Pelo menos dois políticos florestanos usaram as redes sociais na noite desta segunda-feira (7) para cobrar providências com relação à violência na “Terra dos Tamarindos”. A pequena cidade de apenas 30 mil habitantes vive dias de medo após onda de assassinatos.

As duas mortes registradas em menos de 12h no último domingo (6) foi a “gota d’água” para os florestanos. Por este motivo, várias pessoas estão se mobilizando para participar de uma passeata no próximo sábado (12). A concentração será às 16h30 em frente à Escola Deputado Afonso Ferraz, na zona urbana da cidade.
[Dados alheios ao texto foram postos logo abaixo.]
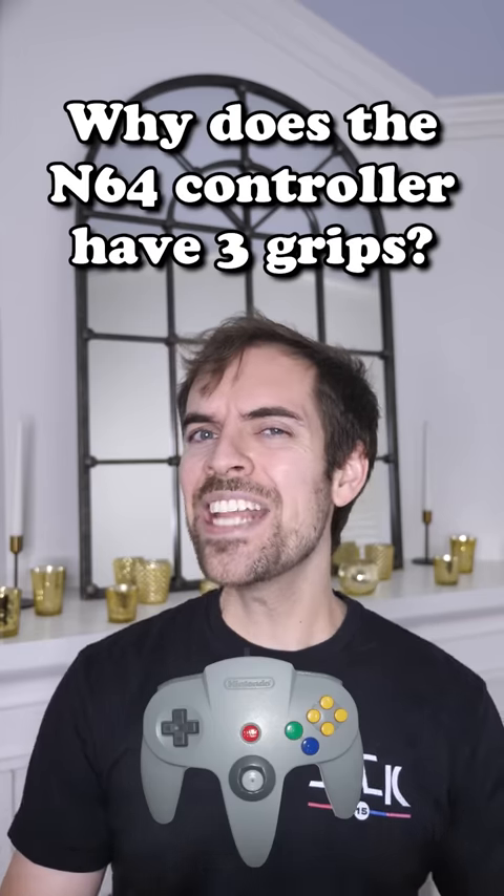I asked you, why does the N64 controller have three grips? It's because it's anatomically correct. It's because when the console was released in 1964, people had three hands. Oh, that's crazy! Must have been all that lead poisoning.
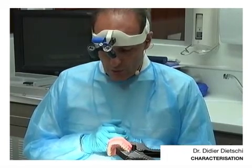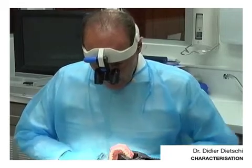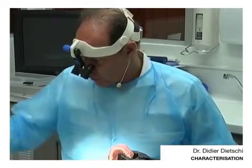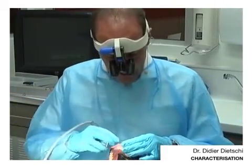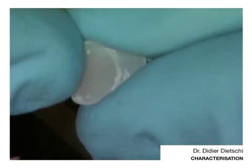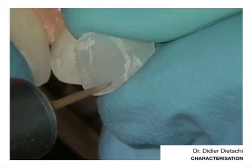If we want to create some incisal hollow, we will have to grind a little bit inside the veneer to create a groove into which the color will stay. Because the risk is that if you try to do that without having created that groove, the color might spread and you won't get a good result. So now I will create a groove with my fine diamonds.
Leia a nota do deputado Federal kaio Maniçoba na íntegra:

Em menos de 24 horas dois homicídios consumados e duas tentativas que resultaram em ferimentos graves nas vítimas, ambas mulheres, mães, uma delas professora – mais uma, diga-se de passagem. Um dia como este já nos causaria indignação se estivéssemos falando de um fato isolado, mas, infelizmente, estes casos somam-se aos incontáveis homicídios ocorridos este ano em Floresta. Já nem sabemos precisar quantos foram até o momento.
O cidadão se vê encurralado, paga os impostos e ainda precisa pagar o alto preço da insegurança, ajustando sua vida as limitações que o medo impõe, transformando o cidadão de bem num verdadeiro prisioneiro.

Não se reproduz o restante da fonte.